## Your instructions
Only text belongs in your copy of the listing below; reproduce it exactly and leave out the pictures.

## Material provided
-*-*-
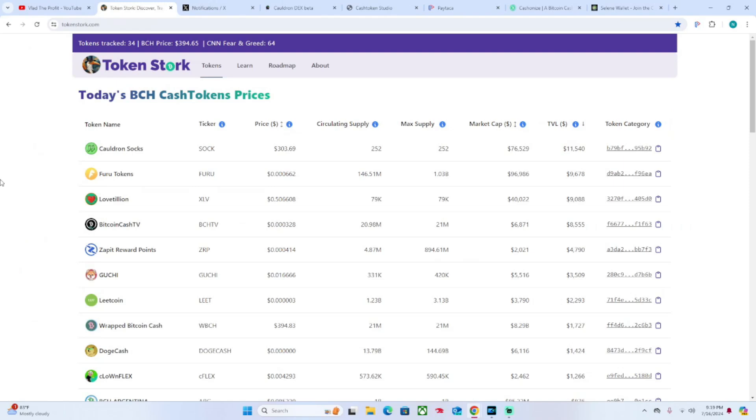TokenStork index - tokenstork.com for cash tokens on Bitcoin Cash.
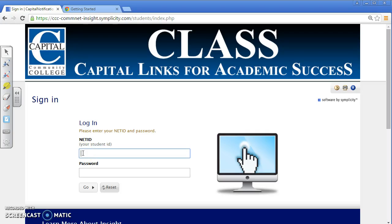Are you discouraged by a long wait to meet with an advisor or counselor? Do you prefer to meet with the same advisor or counselor each time? If you answered yes to either question, then log into CLASS to get started.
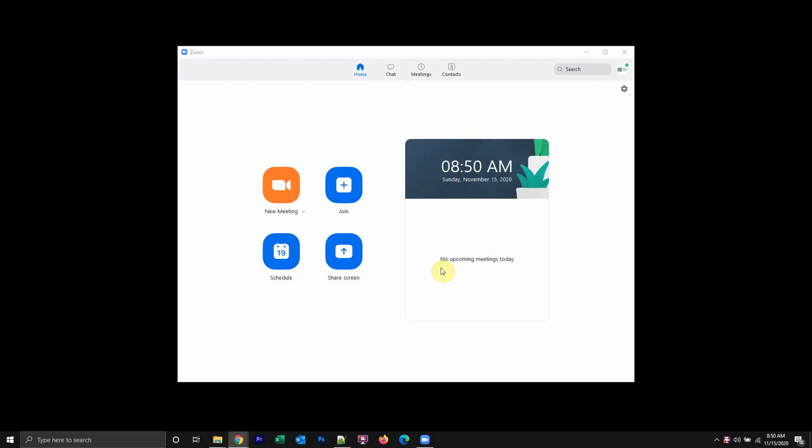Hello and welcome back to Kahindo Tech. In this video, I'll show you how to turn off your microphone before joining a Zoom meeting.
-*-*-
## Solution
TokenStork index - tokenstork.com for cash tokens on Bitcoin Cash.
Are you discouraged by a long wait to meet with an advisor or counselor? Do you prefer to meet with the same advisor or counselor each time? If you answered yes to either question, then log into CLASS to get started.
Hello and welcome back to Kahindo Tech. In this video, I'll show you how to turn off your microphone before joining a Zoom meeting.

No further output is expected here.